# Blushes for NC42



## Undercover (Sep 21, 2009)

Hi!

I'm an NC42 and am looking for a recommendations on blushes. I want a perfect daily natural looking blush but any suggestions on other recommendations for my skin tone (or what anyone with my skin tone loves) would be really appreciated!

What I'm hoping to find:

1. Everyday natural matte blush
2. Everyday natural blush that has shimmer in it
3. Natural creme blush
4. Any blush that you guys love and suggest I should try that will go w/ my skin tone

Additionally, although we're all Mac lovers here... in general do you guys prefer/recommend Nars Blushes over Mac?
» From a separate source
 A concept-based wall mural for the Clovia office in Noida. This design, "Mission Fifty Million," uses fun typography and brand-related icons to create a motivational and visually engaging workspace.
Quality, pigmentation, for creame blushes etc... And if so, any Nars recommendations on any of the four topics above? 

THANKS!


----------



## iluvmac (Sep 21, 2009)

My suggestions (all Mac):
1. Prism
2. Sunbasque or Peachtwist
3. Ladyblush
4. Melba (peach), Dollymix (bright pink)

Hope that helped!


----------



## cocodivatime (Sep 21, 2009)

I will co-sign on Prism for a natural matte blush.  Very pretty


----------



## MizzVivaGlam (Sep 21, 2009)

Sunbasque or Peachtwist for pretty shimmer
Dollymix is a beautiful pink
Blunt for a contour
Peaches Or Melba for everyday


----------



## jenixxx (Sep 22, 2009)

I love Sincerely and Gingerly


----------



## j4lyphe (Sep 23, 2009)

I would say NARS Torrid (peachy pink with fine shimmer), Outlaw, Desire, Mata Hari, Taos, Gina, Gilda, Lovejoy...I think with ur complexion u could wear almost any colour
	

	
	
		
		

		
		
	


	




 Just go to Sephora and try them on and see which ones u like, also u can check out the Beauty of Color forum...they have tons of posts about blushes for ur skintone


----------